Lesar Lecture Jill Wine-Banks

September 26, 2023

Former Watergate prosecutor, MSNBC legal analyst to discuss pioneering career in SIU Law’s Lesar Lecture

by Pete Rosenbery

CARBONDALE, Ill. — Former Watergate prosecutor Jill Wine-Banks will discuss her pioneering career and the barriers that women are still facing when the author, businesswoman and MSNBC legal analyst presents the Hiram H. Lesar Distinguished Lecture on Oct. 4 at Southern Illinois University’s School of Law.

Wine-Banks’ presentation, “Breaking Barriers for Equality, But Still Dancing Backwards in High Heels: How Women’s Success Benefits All,”  is at  5:30 p.m. in the Lesar Law Building Auditorium. This is the 26th lecture in the series established to honor founding Dean Hiram H. Lesar. A reception starts the festivities at 5 p.m. in the law school’s formal lounge. The event is free and open to the public.

“Jill Wine-Banks is a trailblazer,” School of Law Dean Camille Davidson said. “She recognizes all we have accomplished as women, while also being aware there are still too many ‘firsts’ taking place in 2023. We look forward to her insights as our school of law celebrates 50 years of serving the public good.”

Davidson added that Wine-Banks’ visit fits with the university’s Imagine2030 strategic plan and its pillar of diversity, equity and inclusion.

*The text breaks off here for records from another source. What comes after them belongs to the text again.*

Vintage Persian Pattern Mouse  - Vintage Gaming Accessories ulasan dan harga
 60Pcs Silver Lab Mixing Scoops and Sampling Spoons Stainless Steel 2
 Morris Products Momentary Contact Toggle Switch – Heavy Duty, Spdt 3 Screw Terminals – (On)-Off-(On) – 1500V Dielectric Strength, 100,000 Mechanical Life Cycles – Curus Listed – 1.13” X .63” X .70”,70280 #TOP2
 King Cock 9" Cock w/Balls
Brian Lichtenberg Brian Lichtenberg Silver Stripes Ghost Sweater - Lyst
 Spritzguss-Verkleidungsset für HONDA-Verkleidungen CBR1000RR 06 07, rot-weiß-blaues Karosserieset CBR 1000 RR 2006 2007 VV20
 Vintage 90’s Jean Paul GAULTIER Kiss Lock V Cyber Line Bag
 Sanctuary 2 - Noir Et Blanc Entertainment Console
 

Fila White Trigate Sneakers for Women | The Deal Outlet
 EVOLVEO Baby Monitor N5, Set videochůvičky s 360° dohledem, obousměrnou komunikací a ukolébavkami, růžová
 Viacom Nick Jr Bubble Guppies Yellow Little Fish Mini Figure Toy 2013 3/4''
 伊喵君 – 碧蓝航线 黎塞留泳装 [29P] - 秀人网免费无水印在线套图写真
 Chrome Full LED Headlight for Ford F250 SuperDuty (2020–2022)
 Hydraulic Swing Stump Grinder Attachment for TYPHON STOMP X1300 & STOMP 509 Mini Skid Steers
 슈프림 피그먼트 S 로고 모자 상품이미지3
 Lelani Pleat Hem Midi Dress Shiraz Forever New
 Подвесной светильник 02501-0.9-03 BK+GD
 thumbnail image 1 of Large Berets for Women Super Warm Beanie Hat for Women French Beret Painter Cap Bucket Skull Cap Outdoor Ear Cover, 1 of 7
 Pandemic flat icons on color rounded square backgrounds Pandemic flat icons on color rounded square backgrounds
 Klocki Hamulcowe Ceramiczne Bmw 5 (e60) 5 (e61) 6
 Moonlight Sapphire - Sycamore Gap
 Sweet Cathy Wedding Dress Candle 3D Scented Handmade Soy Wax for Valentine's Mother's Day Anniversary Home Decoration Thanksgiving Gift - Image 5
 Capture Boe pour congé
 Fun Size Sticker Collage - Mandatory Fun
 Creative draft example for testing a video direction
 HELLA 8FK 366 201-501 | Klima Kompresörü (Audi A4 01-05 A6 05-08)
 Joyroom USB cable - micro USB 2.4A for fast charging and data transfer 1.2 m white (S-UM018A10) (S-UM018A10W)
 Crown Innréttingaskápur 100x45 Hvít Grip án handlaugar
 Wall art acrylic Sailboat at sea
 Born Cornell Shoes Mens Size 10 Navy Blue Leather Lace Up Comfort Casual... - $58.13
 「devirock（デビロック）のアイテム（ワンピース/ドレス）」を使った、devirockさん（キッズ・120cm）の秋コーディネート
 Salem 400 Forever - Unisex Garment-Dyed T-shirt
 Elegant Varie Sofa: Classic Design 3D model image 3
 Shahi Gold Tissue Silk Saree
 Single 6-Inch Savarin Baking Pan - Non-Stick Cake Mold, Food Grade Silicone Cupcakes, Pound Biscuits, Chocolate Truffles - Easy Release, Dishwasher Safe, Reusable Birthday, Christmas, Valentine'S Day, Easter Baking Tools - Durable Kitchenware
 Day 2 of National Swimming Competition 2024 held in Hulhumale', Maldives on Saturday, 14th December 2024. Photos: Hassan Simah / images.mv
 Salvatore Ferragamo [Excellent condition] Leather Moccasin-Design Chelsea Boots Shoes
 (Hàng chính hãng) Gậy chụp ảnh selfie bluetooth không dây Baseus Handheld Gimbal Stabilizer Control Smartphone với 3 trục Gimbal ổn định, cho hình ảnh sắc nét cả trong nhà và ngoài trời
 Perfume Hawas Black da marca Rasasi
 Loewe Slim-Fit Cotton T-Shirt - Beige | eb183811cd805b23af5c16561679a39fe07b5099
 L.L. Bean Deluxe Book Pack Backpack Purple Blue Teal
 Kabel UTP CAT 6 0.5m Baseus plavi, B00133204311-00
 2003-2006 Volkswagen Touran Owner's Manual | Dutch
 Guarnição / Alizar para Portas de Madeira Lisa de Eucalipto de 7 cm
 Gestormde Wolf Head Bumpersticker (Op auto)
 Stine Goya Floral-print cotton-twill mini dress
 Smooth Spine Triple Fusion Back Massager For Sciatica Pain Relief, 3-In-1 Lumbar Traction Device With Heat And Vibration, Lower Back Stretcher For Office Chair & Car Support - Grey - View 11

A graduate of the Columbia University School of Law, Wine-Banks began her career as the first woman to serve as an organized crime prosecutor with the U.S. Department of Justice in Washington, D.C. At just 30 years old, Wine-Banks’ trial capabilities and win record resulted in her selection in as the only woman among three assistant Watergate special prosecutors in the obstruction of justice trial against President Richard Nixon’s top aides. Wine-Banks was a major player in the Watergate tapes hearing, where she cross-examined Rose Mary Woods, Nixon’s secretary, about the 18½ minute gap in a key White House recording.


Media availability

Jill Wine-Banks will be available for interviews prior to the lecture. To arrange for interviews, contact Carly Holtkamp, director of external relations, SIU School of Law, at carly.holtkamp@siu.edu or 618-453-8312.


While the barriers for women in the legal profession are not as prevalent as they were in the 1970s, Wine-Banks said that without passage of the Equal Rights Amendment “women in all professions and as homemakers face discrimination and will never be equal.”

“Most discrimination today is more subtle, so it's harder to fight and easier to ignore, but the Equal Employment Opportunity Commission now exists, women support each other more and the numbers are too large to ignore now,” she said. “When I started, few women were in any profession. Only 4% of all lawyers were women, and almost none of those were litigators, so I had to make up the rules.”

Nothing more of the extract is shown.